**What you have to do:**
Although the data below holds other lines too, output only those from the line with "Maritimes Aquarell-Kunstwerk | Poster" up to and including the line with "1pc Toilet Seat", exactly as they appear.

**Raw data:**
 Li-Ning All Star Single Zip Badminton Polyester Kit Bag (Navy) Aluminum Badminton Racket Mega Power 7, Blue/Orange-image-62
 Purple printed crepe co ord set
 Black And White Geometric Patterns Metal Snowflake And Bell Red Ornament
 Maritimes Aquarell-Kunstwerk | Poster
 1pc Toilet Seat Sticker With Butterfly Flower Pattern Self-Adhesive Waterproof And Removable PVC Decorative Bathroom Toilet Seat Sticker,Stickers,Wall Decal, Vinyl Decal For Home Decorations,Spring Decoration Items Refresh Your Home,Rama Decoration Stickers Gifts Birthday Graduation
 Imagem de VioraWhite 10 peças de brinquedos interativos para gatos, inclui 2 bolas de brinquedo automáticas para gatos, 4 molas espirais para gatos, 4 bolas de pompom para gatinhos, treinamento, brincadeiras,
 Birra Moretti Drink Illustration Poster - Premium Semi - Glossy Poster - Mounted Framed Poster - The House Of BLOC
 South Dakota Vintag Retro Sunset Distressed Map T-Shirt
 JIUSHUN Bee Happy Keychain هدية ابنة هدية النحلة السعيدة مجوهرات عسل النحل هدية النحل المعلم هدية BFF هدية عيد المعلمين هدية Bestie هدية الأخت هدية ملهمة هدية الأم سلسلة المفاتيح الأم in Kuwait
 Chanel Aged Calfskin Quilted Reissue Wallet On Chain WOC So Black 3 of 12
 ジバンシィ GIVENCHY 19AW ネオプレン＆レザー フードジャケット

**Written answer:**
 Maritimes Aquarell-Kunstwerk | Poster
 1pc Toilet Seat Sticker With Butterfly Flower Pattern Self-Adhesive Waterproof And Removable PVC Decorative Bathroom Toilet Seat Sticker,Stickers,Wall Decal, Vinyl Decal For Home Decorations,Spring Decoration Items Refresh Your Home,Rama Decoration Stickers Gifts Birthday Graduation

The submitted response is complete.